Call the HR_EXIT_HDL() macro shortly before the actor exits. Calling the macro earlier in the actor code will mean that any unexpected exit between the macro call and the final exit will not be detected by the Hot Restart Controller. As a result, the actor will not be restarted if it exits abnormally.

Cleanly terminating an actor does not deregister the actor in the Hot Restart Controller, or remove the actor's actor image and executing image from persistent memory. This is because a cleanly terminated actor will still be restarted if its group is restarted, since a group is always restarted in its initial state. In other words, when a group is restarted, all direct restartable actors will recommence execution at their initial entry point, regardless of whether or not they had already exited before the restart occurred. This is shown in the following diagram. Both direct actor 1 (DA1) and indirect actor 2 (A2) terminate cleanly, but are restarted when direct actor 2 (DA2) crashes.

Figure 4-1 Restart of Cleanly Terminated Actors

Graphic

Because of this behavior, it can be useful to record the clean termination of restartable actors which will never need to be re-executed completely during a group's lifetime by setting a flag in persistent memory. A restarted actor can check the state of this flag at the start of its execution, and thus detect whether it should re-execute or not.

4.2.4.1 Group Termination

For each group of restartable actors present in a ChorusOS system, the Hot Restart Controller stores a list of the actors in the group in a persistent memory block. An actor is added to the list when it is first started. When an actor cleanly terminates, the Hot Restart Controller notes this in the list.
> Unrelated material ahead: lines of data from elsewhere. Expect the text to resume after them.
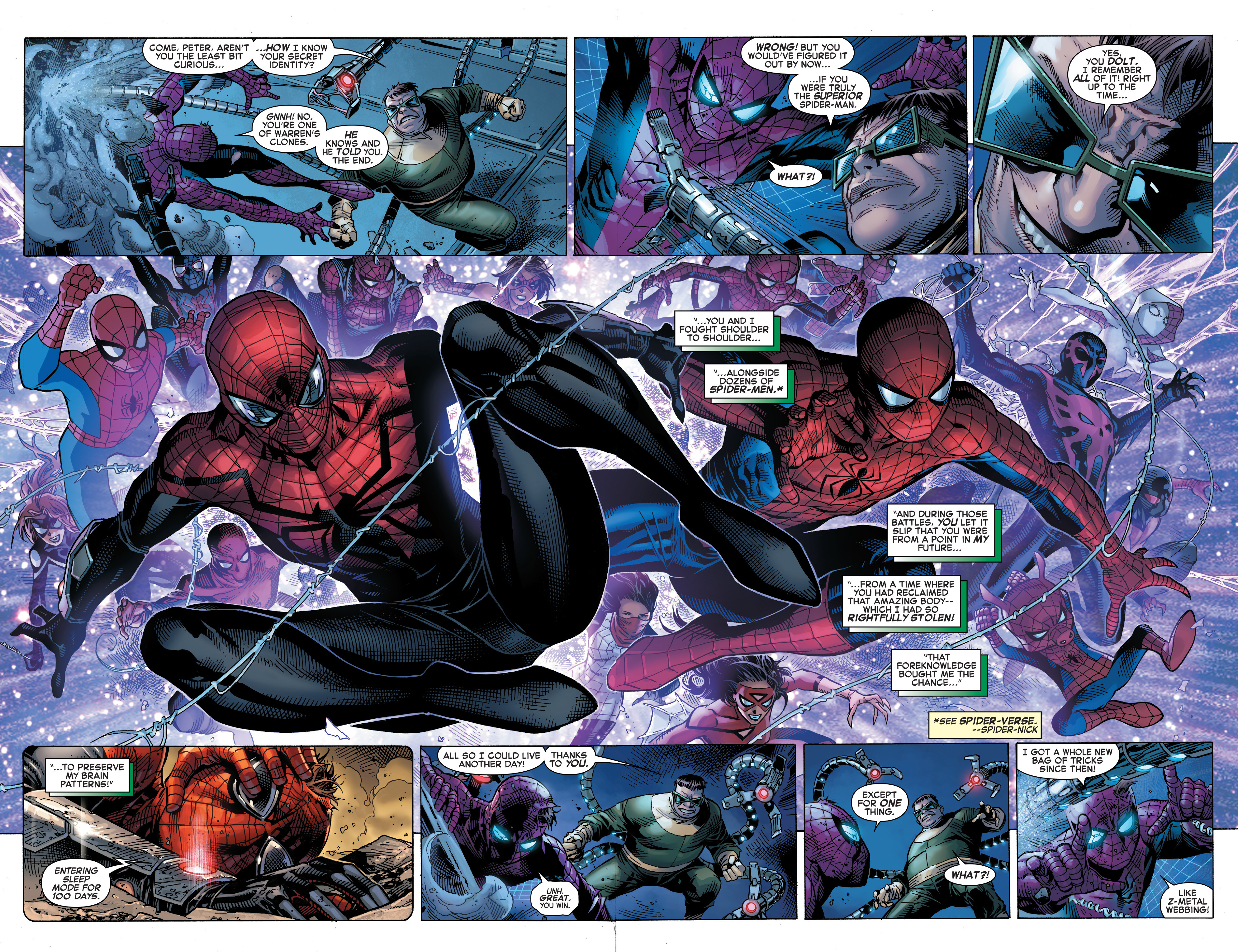 The Clone Conspiracy (2016-) issue 2 - Page 7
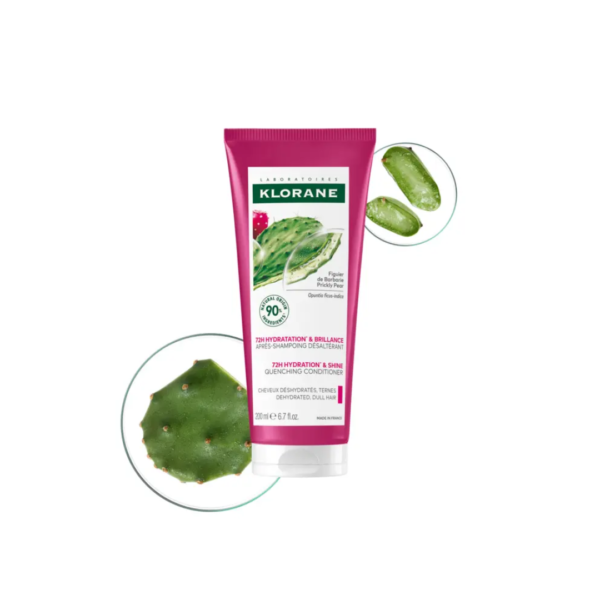 klorane acondicionador higo de barbaria cabello deshidratado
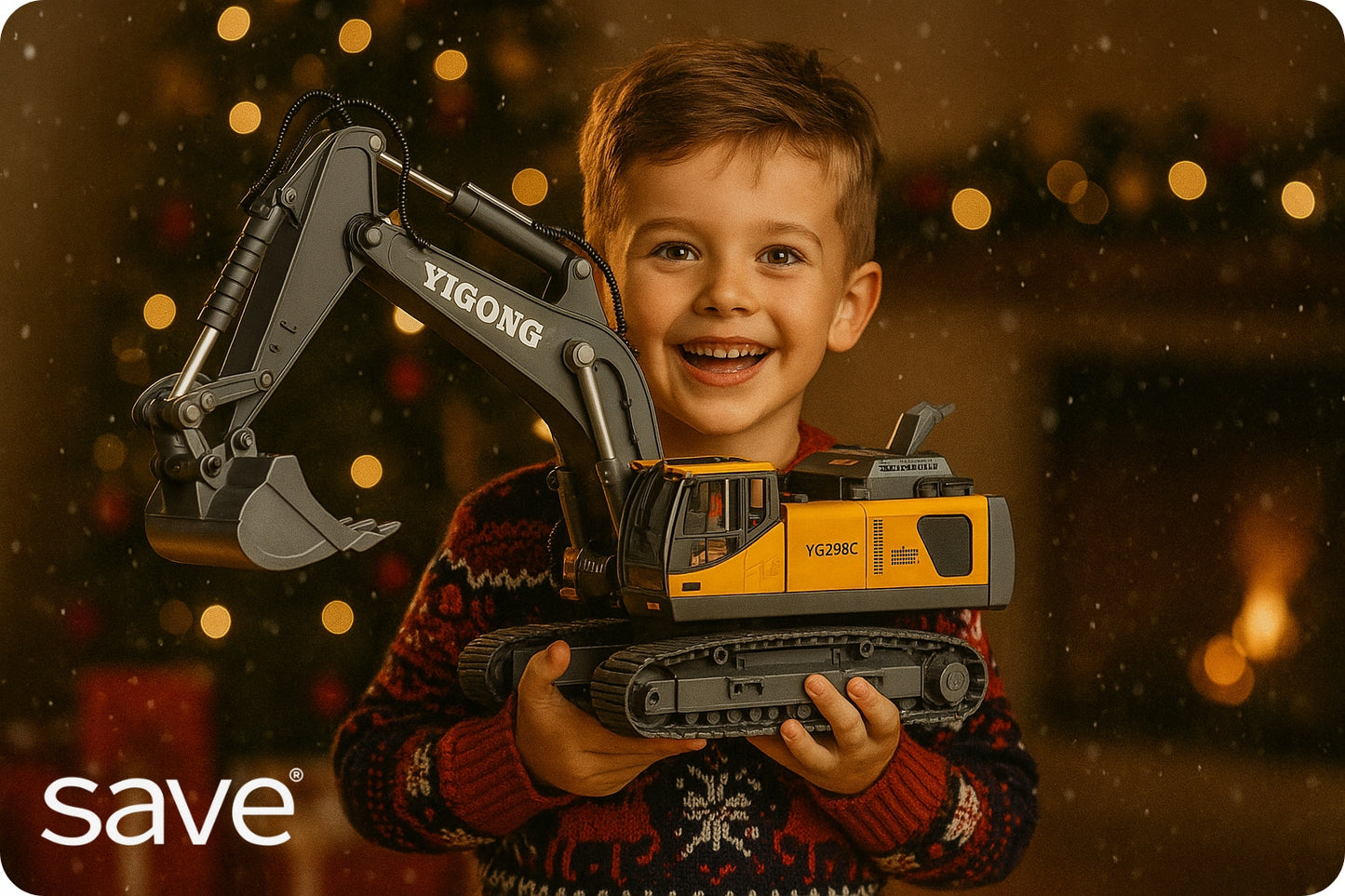 Nuotoliniu būdu valdomas automobilis su pulteliu – žaislas vaikams, berniukams, šventėms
When all actors in the list have terminated cleanly, the Hot Restart Controller does the following:

A group of actors can only terminate if all of its member actors terminate cleanly. This is important to remember in situations where not all indirect actors are restarted after a group restart. This is a matter of execution flow: if certain conditions in a direct actor change the actor's flow from one execution to the next, the direct actor may not restart an indirect actor which was running prior to the restart. As a result, the indirect actor will never terminate cleanly and so the group will not be able to terminate.

For example, consider the situation in the following figure. The direct actor spawns the indirect actor only if a certain condition is fulfilled. This condition is fulfilled the first time the direct actor runs. After the direct actor restarts, the condition is no longer fulfilled, so the indirect actor is no longer spawned.

Figure 4-2 Conditional Spawning of a Restartable Actor

Graphic

In the situation illustrated above, the actor group will not be able to terminate until the indirect actor has been rerun using hrfexec(), and has terminated cleanly.

When a restart group cannot terminate because of one or more direct actors in this situation, the Hot Restart Controller detects the fact and prints the following message on the target console:


HR_CTRL: group gid blocked, some members have not terminated: list_of_actors

gid is the ID of the group concerned, and list_of_actors provides the name of each actor which prevents the group from terminating. When this message appears, a basic solution is to kill the actor group using the akill command with the -g option, as described in "4.3 Killing Restartable Actors". This solution is only useful if none of the indirect actors need to be run to complete the group's task.

A better solution is to use careful application design. If the situation is likely to occur, flags can be stored in persistent memory to indicate indirect actors which have not terminated cleanly. An actor can then be made responsible for cleaning up the group, that is, restarting each indirect actor which is flagged. This clean-up actor can be run using the arun -g command when the Hot Restart Controller notification appears on the target console. Alternatively, the group could be designed so that the clean-up actor is always run just before the group is expected to terminate, in which case the problem is solved without the need for access to the C_INIT console.